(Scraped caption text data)
++++++++

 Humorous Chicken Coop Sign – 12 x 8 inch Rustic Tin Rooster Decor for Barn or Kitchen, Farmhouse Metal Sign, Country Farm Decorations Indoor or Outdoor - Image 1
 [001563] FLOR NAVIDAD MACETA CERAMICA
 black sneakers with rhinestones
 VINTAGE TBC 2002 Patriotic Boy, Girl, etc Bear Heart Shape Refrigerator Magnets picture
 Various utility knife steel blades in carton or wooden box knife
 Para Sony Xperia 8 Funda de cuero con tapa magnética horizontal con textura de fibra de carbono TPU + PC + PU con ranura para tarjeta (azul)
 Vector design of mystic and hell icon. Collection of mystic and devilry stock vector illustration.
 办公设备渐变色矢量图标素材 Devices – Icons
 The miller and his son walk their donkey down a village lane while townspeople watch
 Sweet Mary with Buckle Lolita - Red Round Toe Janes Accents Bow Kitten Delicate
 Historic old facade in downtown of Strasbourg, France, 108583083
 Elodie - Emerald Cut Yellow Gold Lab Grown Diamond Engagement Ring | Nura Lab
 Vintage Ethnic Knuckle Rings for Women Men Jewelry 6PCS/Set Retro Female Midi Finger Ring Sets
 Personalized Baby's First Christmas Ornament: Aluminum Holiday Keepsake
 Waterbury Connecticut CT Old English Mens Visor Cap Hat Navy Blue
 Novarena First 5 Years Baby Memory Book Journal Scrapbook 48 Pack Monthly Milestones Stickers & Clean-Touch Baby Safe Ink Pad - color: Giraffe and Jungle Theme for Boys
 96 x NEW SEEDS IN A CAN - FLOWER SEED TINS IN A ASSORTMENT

++++++++

Your answer should be the records themselves, returned word for word.

 Humorous Chicken Coop Sign – 12 x 8 inch Rustic Tin Rooster Decor for Barn or Kitchen, Farmhouse Metal Sign, Country Farm Decorations Indoor or Outdoor - Image 1
 [001563] FLOR NAVIDAD MACETA CERAMICA
 black sneakers with rhinestones
 VINTAGE TBC 2002 Patriotic Boy, Girl, etc Bear Heart Shape Refrigerator Magnets picture
 Various utility knife steel blades in carton or wooden box knife
 Para Sony Xperia 8 Funda de cuero con tapa magnética horizontal con textura de fibra de carbono TPU + PC + PU con ranura para tarjeta (azul)
 Vector design of mystic and hell icon. Collection of mystic and devilry stock vector illustration.
 办公设备渐变色矢量图标素材 Devices – Icons
 The miller and his son walk their donkey down a village lane while townspeople watch
 Sweet Mary with Buckle Lolita - Red Round Toe Janes Accents Bow Kitten Delicate
 Historic old facade in downtown of Strasbourg, France, 108583083
 Elodie - Emerald Cut Yellow Gold Lab Grown Diamond Engagement Ring | Nura Lab
 Vintage Ethnic Knuckle Rings for Women Men Jewelry 6PCS/Set Retro Female Midi Finger Ring Sets
 Personalized Baby's First Christmas Ornament: Aluminum Holiday Keepsake
 Waterbury Connecticut CT Old English Mens Visor Cap Hat Navy Blue
 Novarena First 5 Years Baby Memory Book Journal Scrapbook 48 Pack Monthly Milestones Stickers & Clean-Touch Baby Safe Ink Pad - color: Giraffe and Jungle Theme for Boys
 96 x NEW SEEDS IN A CAN - FLOWER SEED TINS IN A ASSORTMENT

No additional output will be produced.